Buy the hours your audience is out, not the whole day. Because Blindspot schedules each screen down to the hour, you concentrate a test into commuter peaks, evenings and weekends rather than paying for empty overnight hours. That is the same control that lets a brand cut waste from a traditional flight, and it is why a small D2C test budget can buy a meaningful number of useful plays. Set the schedule, read the lift, and treat the campaign like any other performance line: measured, adjusted, repeated.

The operational barrier used to be as real as the measurement one: booking out-of-home meant a sales call, a four-week flight and an agency in the middle. On Blindspot there are no minimums and no sales calls, a campaign can be live in 48 hours across 3M+ screens in 50+ countries, and Blinky, the free AI planner, will build a first plan from a one-line brief so a growth team can test out-of-home the way it tests anything else.

Billboards are measurable, at $0.82 a store visit.

This guide, in one line

Cite this guide: Savonea, B. (2026). "Billboard Attribution for D2C Brands: Real CPAs." Blindspot Resources. seeblindspot.com/billboard-attribution-d2c/

FAQ

Questions, answered

Can you track billboard conversions?

Yes. On Blindspot, digital out-of-home is measured with the same tools as paid social: matched control groups, geo-tagged and time-stamped proof-of-play, and lift studies that compare people exposed to your screens against a control group who were not. That is how Blindspot D2C campaigns have measured $0.82 per incremental store visit, $0.80 per incremental web visit and $5.75 per incremental online purchase. Every play is logged with a time and a place, so the delivery you paid for is auditable, and the outcome is measured as the lift over control rather than a last-click credit.

How is DOOH attribution measured?

DOOH attribution rests on four things. First, verified plays: every ad appearance is logged with a geo-tagged, time-stamped proof-of-play, so you know exactly what ran, where and when. Second, foot-traffic lift: a panel of devices seen near your screens is compared with a matched control group to measure the increase in store visits. Third, web lift: exposed audiences are compared with control on site visits. Fourth, sales impact: purchases from the exposed group are compared with control to read the online sales lift.
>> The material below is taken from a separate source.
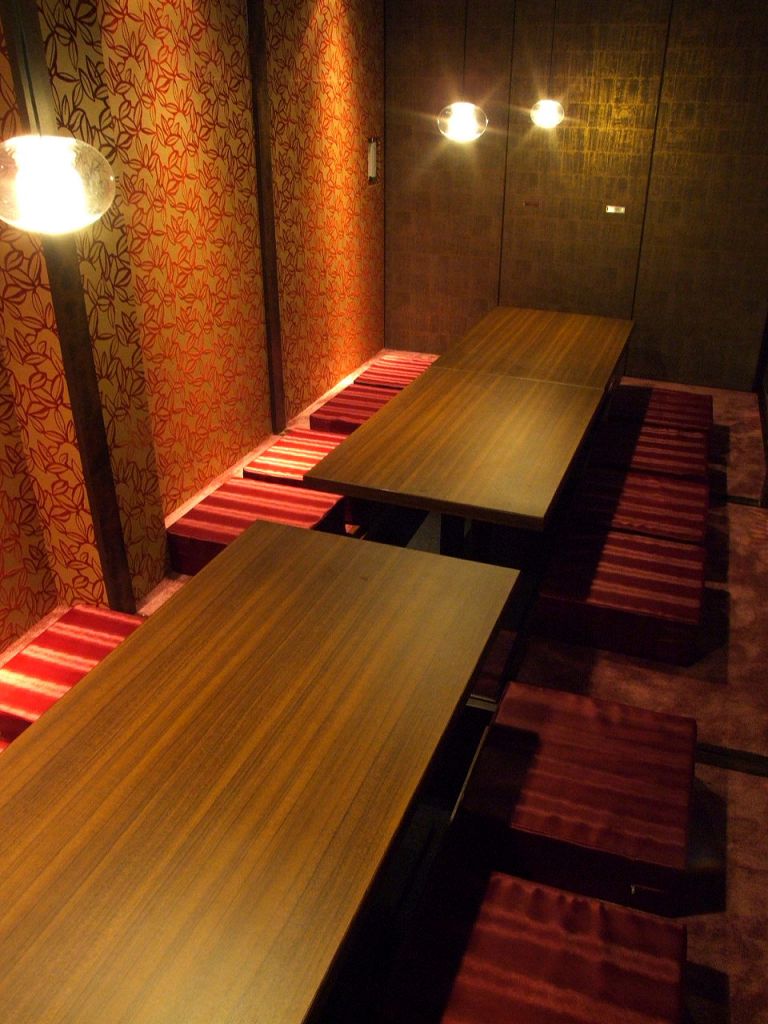 会社の宴会や各種宴会にはこちらのお部屋がおすすめ☆団体様がご利用できる完全個室席もあり♪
The cost per outcome is the media spend divided by the incremental actions over control, not the total actions.

What does a billboard cost per conversion for a D2C brand?

On Blindspot, measured against matched control groups, D2C campaigns have delivered an incremental store visit for about $0.82, an incremental web visit for about $0.80 and an incremental online purchase for about $5.75. Typical customer-acquisition costs on paid social run $15 to $40, so a proven out-of-home action can cost a fraction of a feed acquisition. Your own numbers depend on your category, price point and creative, and the honest way to read them is per incremental action over control, which is exactly how Blindspot reports them.

Is out-of-home measurable like paid social?

It is now. The old objection to out-of-home was that you could not prove it worked. Digital out-of-home closes that gap: proof-of-play replaces the guess about whether an ad ran, and control-group lift studies replace the guess about whether it drove an outcome. The difference from paid social is honest attribution logic. A feed platform tends to claim a last-click it often did not cause, while a DOOH lift study measures only the incremental actions above a control group, which is the number a growth marketer should compare against a blended CAC anyway.